Data shown:

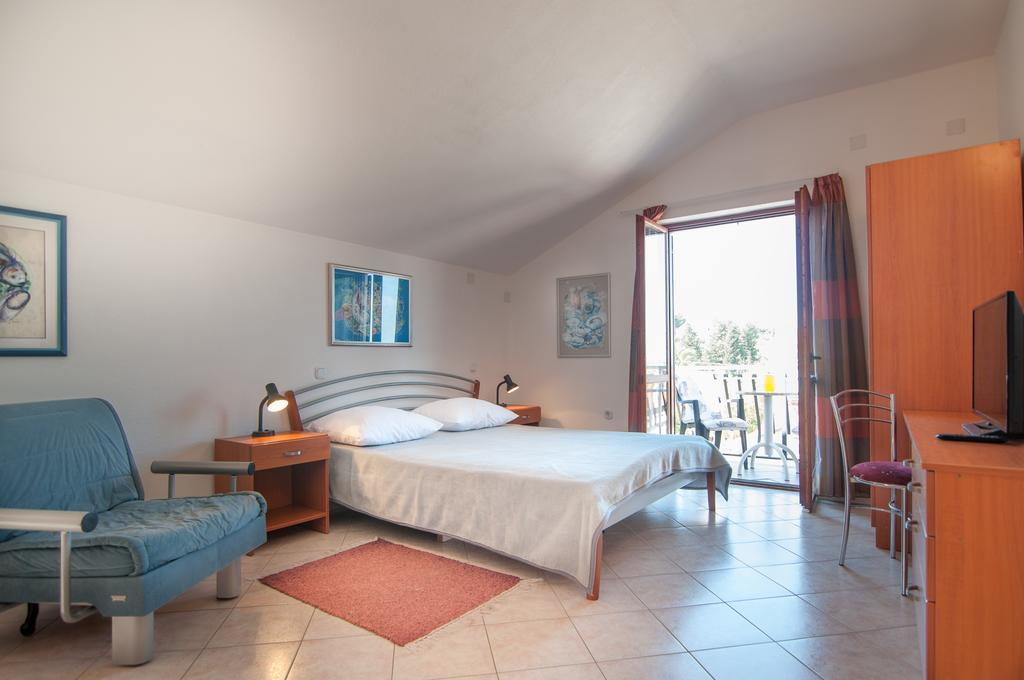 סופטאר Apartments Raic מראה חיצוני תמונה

...

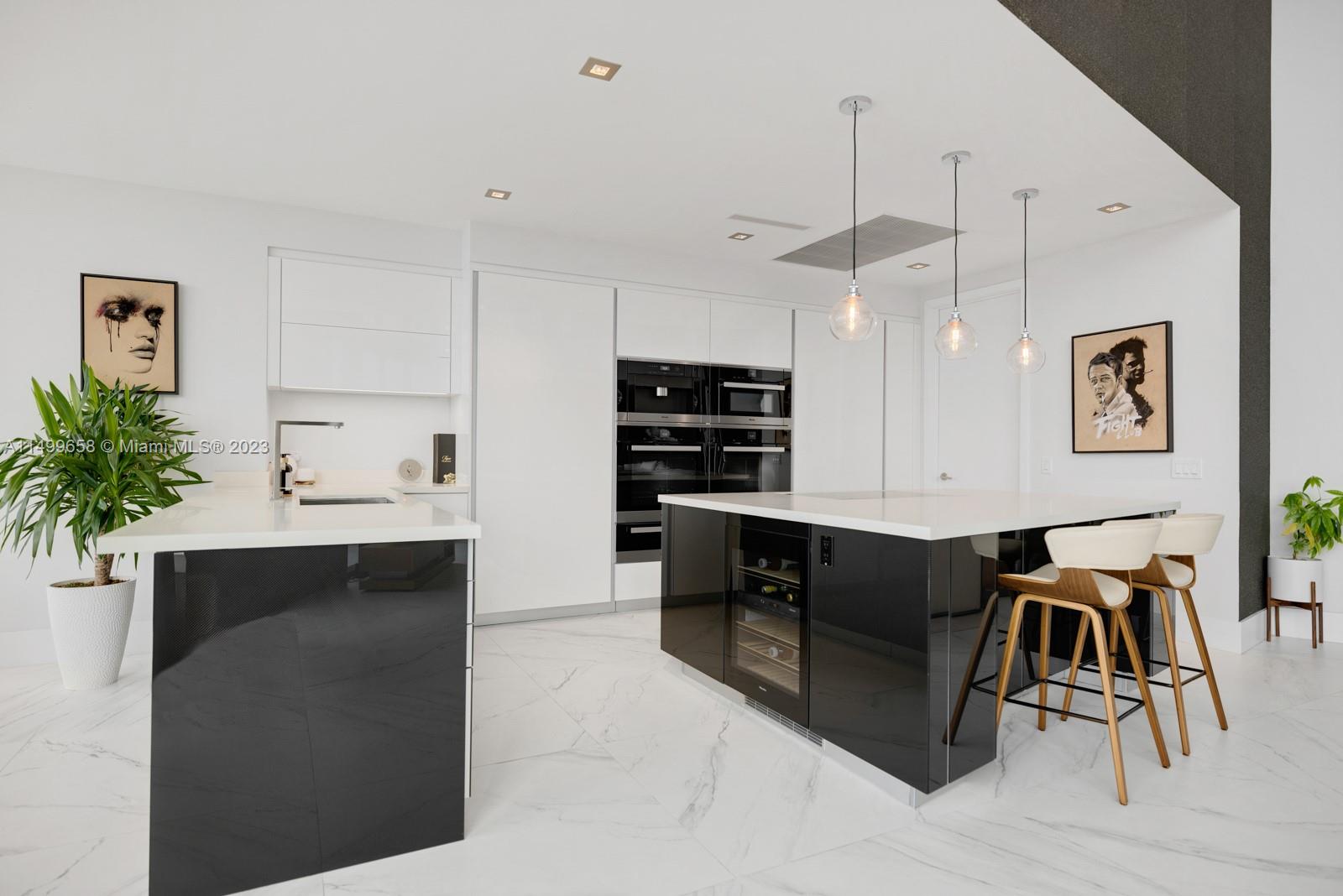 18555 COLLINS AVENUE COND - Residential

==

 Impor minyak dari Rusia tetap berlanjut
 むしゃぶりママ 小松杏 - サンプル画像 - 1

Problem:
Among the lines above, repeat exactly those from the line with "Impor minyak dari Rusia tetap berlanjut" to the line with "むしゃぶりママ 小松杏 - サンプル画像 - 1", counting both ends.

Exercise output:
 Impor minyak dari Rusia tetap berlanjut
 むしゃぶりママ 小松杏 - サンプル画像 - 1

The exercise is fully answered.